Materials provided
--

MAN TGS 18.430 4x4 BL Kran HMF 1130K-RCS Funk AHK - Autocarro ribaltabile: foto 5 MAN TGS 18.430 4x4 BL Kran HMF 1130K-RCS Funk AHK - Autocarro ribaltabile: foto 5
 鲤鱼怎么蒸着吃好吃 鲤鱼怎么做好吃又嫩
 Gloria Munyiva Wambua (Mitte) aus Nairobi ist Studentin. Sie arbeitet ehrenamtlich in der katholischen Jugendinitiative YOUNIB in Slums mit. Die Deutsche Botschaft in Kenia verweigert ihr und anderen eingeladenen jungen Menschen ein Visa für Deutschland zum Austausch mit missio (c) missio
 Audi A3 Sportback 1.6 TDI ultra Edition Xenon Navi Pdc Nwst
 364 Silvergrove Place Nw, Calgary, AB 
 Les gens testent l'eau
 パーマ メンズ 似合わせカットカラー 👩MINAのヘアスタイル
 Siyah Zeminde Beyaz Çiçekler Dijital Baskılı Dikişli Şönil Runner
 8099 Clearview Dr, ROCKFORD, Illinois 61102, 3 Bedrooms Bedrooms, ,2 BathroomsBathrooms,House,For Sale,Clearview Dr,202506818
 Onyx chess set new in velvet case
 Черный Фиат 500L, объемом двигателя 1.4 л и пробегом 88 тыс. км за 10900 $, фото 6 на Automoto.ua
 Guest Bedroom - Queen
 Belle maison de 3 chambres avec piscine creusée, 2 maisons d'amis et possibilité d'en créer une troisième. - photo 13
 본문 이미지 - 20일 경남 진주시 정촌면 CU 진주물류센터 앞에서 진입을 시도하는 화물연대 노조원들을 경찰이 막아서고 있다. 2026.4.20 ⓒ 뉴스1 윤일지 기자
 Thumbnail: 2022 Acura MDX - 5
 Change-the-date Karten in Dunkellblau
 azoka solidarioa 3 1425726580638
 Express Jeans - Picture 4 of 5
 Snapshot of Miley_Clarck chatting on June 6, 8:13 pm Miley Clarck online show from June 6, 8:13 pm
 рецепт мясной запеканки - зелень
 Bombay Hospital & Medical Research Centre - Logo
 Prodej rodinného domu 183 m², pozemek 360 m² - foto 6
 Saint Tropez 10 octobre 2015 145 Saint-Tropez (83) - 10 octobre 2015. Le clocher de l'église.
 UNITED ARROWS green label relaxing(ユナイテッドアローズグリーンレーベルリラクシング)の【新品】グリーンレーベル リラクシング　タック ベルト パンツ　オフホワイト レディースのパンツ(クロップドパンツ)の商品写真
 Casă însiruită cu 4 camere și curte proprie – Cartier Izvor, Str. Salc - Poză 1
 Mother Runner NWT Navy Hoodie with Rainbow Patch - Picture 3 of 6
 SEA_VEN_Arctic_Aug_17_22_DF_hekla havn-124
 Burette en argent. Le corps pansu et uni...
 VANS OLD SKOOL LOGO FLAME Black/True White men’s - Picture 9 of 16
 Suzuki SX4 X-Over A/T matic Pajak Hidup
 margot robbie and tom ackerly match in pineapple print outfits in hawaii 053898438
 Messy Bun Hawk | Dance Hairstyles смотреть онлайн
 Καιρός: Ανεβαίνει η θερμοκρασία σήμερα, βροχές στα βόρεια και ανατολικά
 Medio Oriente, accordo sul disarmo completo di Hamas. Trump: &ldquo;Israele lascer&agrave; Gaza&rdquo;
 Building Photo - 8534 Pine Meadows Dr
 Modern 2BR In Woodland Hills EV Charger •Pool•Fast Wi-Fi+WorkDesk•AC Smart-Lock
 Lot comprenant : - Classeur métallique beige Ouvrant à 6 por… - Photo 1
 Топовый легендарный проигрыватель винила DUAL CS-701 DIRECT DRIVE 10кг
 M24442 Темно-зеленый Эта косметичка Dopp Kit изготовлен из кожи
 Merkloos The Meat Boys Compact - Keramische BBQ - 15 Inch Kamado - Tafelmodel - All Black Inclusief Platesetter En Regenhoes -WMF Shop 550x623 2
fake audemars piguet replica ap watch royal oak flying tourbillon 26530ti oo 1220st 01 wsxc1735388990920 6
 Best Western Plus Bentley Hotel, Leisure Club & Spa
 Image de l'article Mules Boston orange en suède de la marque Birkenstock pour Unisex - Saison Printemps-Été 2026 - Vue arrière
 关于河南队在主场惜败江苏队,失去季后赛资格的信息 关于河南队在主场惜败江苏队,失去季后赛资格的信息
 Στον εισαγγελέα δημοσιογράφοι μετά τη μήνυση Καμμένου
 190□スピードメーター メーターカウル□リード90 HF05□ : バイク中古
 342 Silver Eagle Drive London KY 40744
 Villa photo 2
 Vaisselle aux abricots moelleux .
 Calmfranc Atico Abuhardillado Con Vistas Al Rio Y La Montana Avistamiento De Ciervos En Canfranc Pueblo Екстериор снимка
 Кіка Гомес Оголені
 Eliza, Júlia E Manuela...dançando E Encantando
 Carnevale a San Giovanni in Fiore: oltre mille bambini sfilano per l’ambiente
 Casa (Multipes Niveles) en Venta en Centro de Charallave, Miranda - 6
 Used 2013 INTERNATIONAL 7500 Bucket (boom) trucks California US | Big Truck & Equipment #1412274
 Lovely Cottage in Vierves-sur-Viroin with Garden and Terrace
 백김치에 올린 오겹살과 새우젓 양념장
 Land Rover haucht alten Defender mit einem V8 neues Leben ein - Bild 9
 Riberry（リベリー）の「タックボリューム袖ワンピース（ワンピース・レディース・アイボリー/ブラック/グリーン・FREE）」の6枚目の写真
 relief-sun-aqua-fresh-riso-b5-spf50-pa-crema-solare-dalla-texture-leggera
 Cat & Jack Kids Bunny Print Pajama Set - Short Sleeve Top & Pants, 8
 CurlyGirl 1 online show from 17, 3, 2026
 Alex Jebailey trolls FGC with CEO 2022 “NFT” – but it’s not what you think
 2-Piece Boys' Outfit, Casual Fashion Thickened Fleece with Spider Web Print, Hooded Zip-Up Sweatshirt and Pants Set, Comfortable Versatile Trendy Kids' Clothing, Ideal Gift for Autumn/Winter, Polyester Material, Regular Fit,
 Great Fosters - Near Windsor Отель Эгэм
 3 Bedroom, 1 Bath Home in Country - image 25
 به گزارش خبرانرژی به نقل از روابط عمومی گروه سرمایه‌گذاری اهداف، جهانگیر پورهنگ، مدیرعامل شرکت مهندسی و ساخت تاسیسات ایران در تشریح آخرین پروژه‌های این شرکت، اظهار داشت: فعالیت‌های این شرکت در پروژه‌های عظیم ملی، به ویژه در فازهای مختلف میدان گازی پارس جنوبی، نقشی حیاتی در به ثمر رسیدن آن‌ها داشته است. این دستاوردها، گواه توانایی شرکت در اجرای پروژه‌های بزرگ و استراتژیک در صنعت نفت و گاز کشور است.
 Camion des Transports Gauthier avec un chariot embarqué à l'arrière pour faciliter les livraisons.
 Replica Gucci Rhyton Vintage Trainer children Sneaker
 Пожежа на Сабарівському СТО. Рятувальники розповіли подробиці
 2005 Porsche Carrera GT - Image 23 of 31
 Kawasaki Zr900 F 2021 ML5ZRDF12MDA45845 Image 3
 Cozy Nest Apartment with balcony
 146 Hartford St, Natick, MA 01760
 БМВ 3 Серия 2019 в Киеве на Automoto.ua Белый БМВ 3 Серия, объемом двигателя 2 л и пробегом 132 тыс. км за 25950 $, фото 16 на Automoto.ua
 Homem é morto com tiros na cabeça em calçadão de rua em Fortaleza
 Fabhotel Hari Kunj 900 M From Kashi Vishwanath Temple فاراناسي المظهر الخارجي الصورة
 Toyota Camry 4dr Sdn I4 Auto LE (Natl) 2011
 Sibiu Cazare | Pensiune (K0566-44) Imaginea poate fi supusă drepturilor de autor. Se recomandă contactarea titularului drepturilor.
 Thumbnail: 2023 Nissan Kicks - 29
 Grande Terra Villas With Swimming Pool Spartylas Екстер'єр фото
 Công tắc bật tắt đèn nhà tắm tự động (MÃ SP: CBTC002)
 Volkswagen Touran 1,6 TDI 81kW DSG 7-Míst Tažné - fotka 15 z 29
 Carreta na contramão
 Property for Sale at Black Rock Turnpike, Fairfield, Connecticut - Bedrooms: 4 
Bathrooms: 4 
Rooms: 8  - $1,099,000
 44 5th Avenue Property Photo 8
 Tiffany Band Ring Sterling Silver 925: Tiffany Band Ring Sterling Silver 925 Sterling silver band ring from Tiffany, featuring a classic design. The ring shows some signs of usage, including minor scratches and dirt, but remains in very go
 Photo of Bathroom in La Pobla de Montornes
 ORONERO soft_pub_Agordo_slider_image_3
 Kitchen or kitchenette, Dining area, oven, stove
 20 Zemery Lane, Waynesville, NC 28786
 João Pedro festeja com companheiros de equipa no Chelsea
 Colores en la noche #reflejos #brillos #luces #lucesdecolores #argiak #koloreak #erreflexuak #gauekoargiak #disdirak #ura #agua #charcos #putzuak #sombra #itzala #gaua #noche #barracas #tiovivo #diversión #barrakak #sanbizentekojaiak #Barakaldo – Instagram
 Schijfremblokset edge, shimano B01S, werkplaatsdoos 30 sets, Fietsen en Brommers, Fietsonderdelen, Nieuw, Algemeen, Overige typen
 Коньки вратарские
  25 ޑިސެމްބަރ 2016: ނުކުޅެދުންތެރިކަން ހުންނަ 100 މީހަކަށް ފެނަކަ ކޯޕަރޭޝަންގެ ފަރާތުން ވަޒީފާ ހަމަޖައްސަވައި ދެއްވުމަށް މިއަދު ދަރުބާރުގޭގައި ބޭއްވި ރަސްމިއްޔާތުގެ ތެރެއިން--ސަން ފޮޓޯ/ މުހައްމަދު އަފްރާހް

--

Try it
Output the line containing "Công tắc bật" together with all later lines of the entries, exactly as written, through the final line.

Task solution
 Công tắc bật tắt đèn nhà tắm tự động (MÃ SP: CBTC002)
 Volkswagen Touran 1,6 TDI 81kW DSG 7-Míst Tažné - fotka 15 z 29
 Carreta na contramão
 Property for Sale at Black Rock Turnpike, Fairfield, Connecticut - Bedrooms: 4 
Bathrooms: 4 
Rooms: 8  - $1,099,000
 44 5th Avenue Property Photo 8
 Tiffany Band Ring Sterling Silver 925: Tiffany Band Ring Sterling Silver 925 Sterling silver band ring from Tiffany, featuring a classic design. The ring shows some signs of usage, including minor scratches and dirt, but remains in very go
 Photo of Bathroom in La Pobla de Montornes
 ORONERO soft_pub_Agordo_slider_image_3
 Kitchen or kitchenette, Dining area, oven, stove
 20 Zemery Lane, Waynesville, NC 28786
 João Pedro festeja com companheiros de equipa no Chelsea
 Colores en la noche #reflejos #brillos #luces #lucesdecolores #argiak #koloreak #erreflexuak #gauekoargiak #disdirak #ura #agua #charcos #putzuak #sombra #itzala #gaua #noche #barracas #tiovivo #diversión #barrakak #sanbizentekojaiak #Barakaldo – Instagram
 Schijfremblokset edge, shimano B01S, werkplaatsdoos 30 sets, Fietsen en Brommers, Fietsonderdelen, Nieuw, Algemeen, Overige typen
 Коньки вратарские
  25 ޑިސެމްބަރ 2016: ނުކުޅެދުންތެރިކަން ހުންނަ 100 މީހަކަށް ފެނަކަ ކޯޕަރޭޝަންގެ ފަރާތުން ވަޒީފާ ހަމަޖައްސަވައި ދެއްވުމަށް މިއަދު ދަރުބާރުގޭގައި ބޭއްވި ރަސްމިއްޔާތުގެ ތެރެއިން--ސަން ފޮޓޯ/ މުހައްމަދު އަފްރާހް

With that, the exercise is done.